Abstract

Progress of cell division is governed by the sequential degradation, mediated by the ubiquitination pathway, of proteins playing a key role in the cell cycle. There are two E3 ubiquitin protein ligase complexes which play a role in the cell cycle: the SCF (Skp1/Cullin/F-box) complex and the anaphase-promoting complex (APC/C) (Peters 2006, Castro et al. 2005). The APC/C complex contains at least a dozen different subunits, but it can ubiquitylate substrates only in the presence of the co-activator proteins Cdc20 (also known as fizzy) or Cdh1(also called fzr or Hct1). Cdh1 and Cdc20 are WD40-repeat proteins (well known linear motif-binding domains, folded as 7-blade beta-propellers), which recognise their target proteins via short "degradation motifs". Cdc20 and Cdh1 act at distinct phases of the cell cycle. Early in mitosis, during the metaphase-anaphase transition, APC/Cdc20 is mostly active, whereas Cdh1 is present, but as a phosphorylated inactive form which cannot bind to the APC/C. Later, in mitotic exit and further during the G1 phases, Cdh1 is activated by dephosphorylation, and binds to the APC/C by replacing Cdc20 and promoting its rapid degradation.
A number of degradation motifs have been identified within APC/C substrate proteins. These motifs are generally defined as short conserved sequences whose deletion or mutation promotes the stabilisation of the proteins where they are naturally found, and which can confer cell-cycle dependent degradation on unrelated proteins. The best characterised ones are the Destruction box (D-box) and KEN box.

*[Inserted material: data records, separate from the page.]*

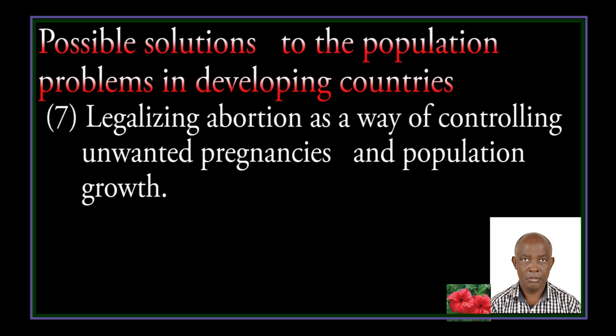Legalizing abortion as a way of controlling unwanted pregnancies and population growth.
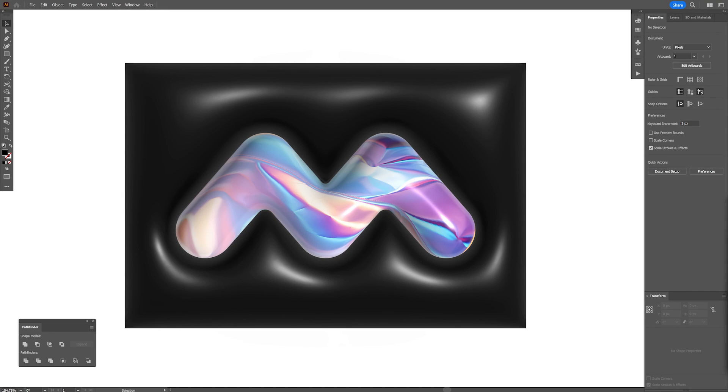Today we're going to check out how to make this awesome symbol in Illustrator and also how you can apply your personalized materials on 3D forms.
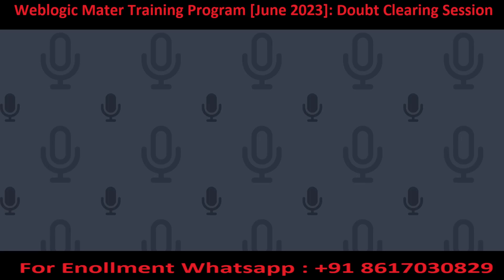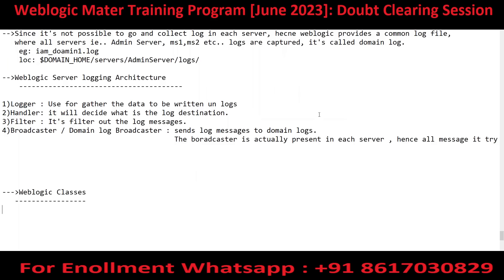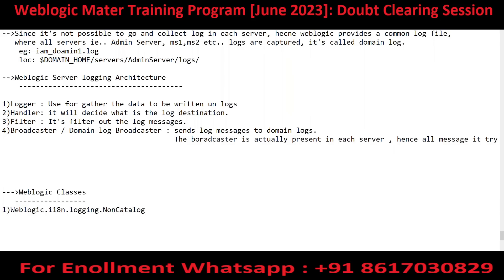The first class I want to discuss is to highlight what things are on the screen. Some catalog messages are being printed, some non-catalog messages are being printed. So from where are the non-catalog messages being printed? What is the class involved? The class is weblogic.i18n.logging - NonCatalogLogger.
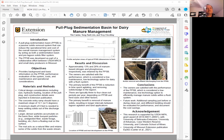Most of the information is already published in the University of Missouri Extension publication EQ302. You should be able to find it on the University of Missouri Extension website.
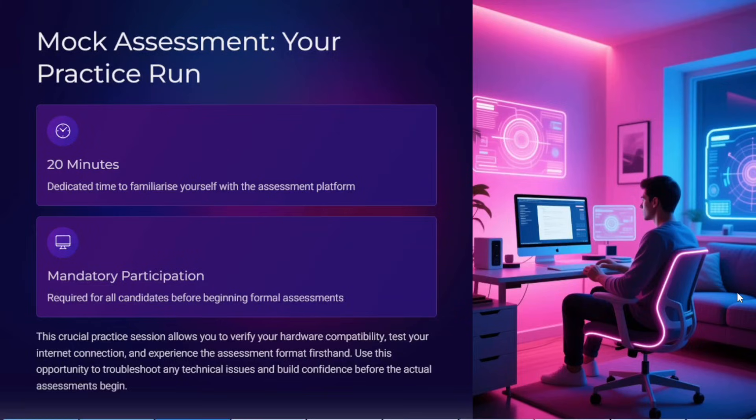Before going into the video, let me tell you one thing: for this time, Accenture has changed the hiring process. The first three rounds — behavioral and cognitive, technical, and coding — are conducted offline only. You have to visit the location, whether it is a campus or an Accenture verified center. The fourth round, which is the communication round, you can attempt virtually.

The D-box was originally found in the cyclin B protein to be necessary to induce cyclin B degradation (Glotzer et al., 1991). Moreover, when fused to a foreign protein it is sufficient to generate a cycle-dependent proteolytic pattern similar to that observed for cyclin B. It is one of the earlier described linear motifs. Its short sequence is usually represented as a highly conserved RxxL motif, however the ELM annotators consider that the conservation is better described by the motif RxxLxx[LIVM]. Subsequent studies demonstrated a D-box-dependent degradation of other key cell-cycle players such as cyclin A (Lorca et al., 1992), geminin (McGarry and Kirchner, 1998), securin (Zou et al., 1999) and Plk1 (Lindon and Pines, 2004), all of which strictly obey the extended motif. Proposed D-boxes in Cdc6 and Nek2 do not match the extended motif while the motifs proposed in Aurora A and Aurora B are deeply buried in the kinase domain. Indeed, Nguyen et al. (2005) were not able to reproduce D-box function in Aurora B. It is of note that the problematic D-box proteins all have highly conserved KEN boxes.
The first KEN box (consensus KEN) was identified within Cdc20 itself (Pfleger and Kirschner 2000). Later, active KEN boxes were also reported within human CDC6, securin, Drosophila cyclin A, yeast Hsl1, Clb2, Aurora kinase B, BUB1 and CIN8 (see attached references). Candidate KEN boxes (without experimental verification) have been proposed in many other proteins including HipK2, Eg5, DNA Topo1 and Cdc27 (Michael et al., 2008).
Both D-box and KEN-box are recognised by Cdh1 and/or Cdc20, which subsequently recruit the APC/C complex, leading to the ubiquitination and proteasome-mediated degradation of the target protein. The D-box is recognized by both Cdc20 and Cdh1, whereas the KEN-box is preferentially recognized by Cdh1. Cdc20 itself contains a KEN box, which is therefore recognized by Cdh1, ensuring the temporal degradation of Cdc20 and its replacement by Cdh1 as a cofactor of the APC/C.
[Experimental studies of APC-target proteins have shown that some of them contain only D-box, others contain only KEN-box, some contain both. D-box and KEN can act as an independent entity or as a co-ordinate unit for protein degradation.
Finally, the presence of D-box or KEN-box motifs in a sequence does not always guarantee that they are active degradation signals for the proteins in which they are found. Indeed, there is always a possibility that the protein in which a potential destruction motif has been mutated becomes resistant to proteasome degradation due to serious misfolding and aggregation, and not because of losing a specific APC/C-targeting site. Putative destruction motifs found within areas predicted to be natively disordered are much more likely to be active than those found in known or predicted globular regions/domains.]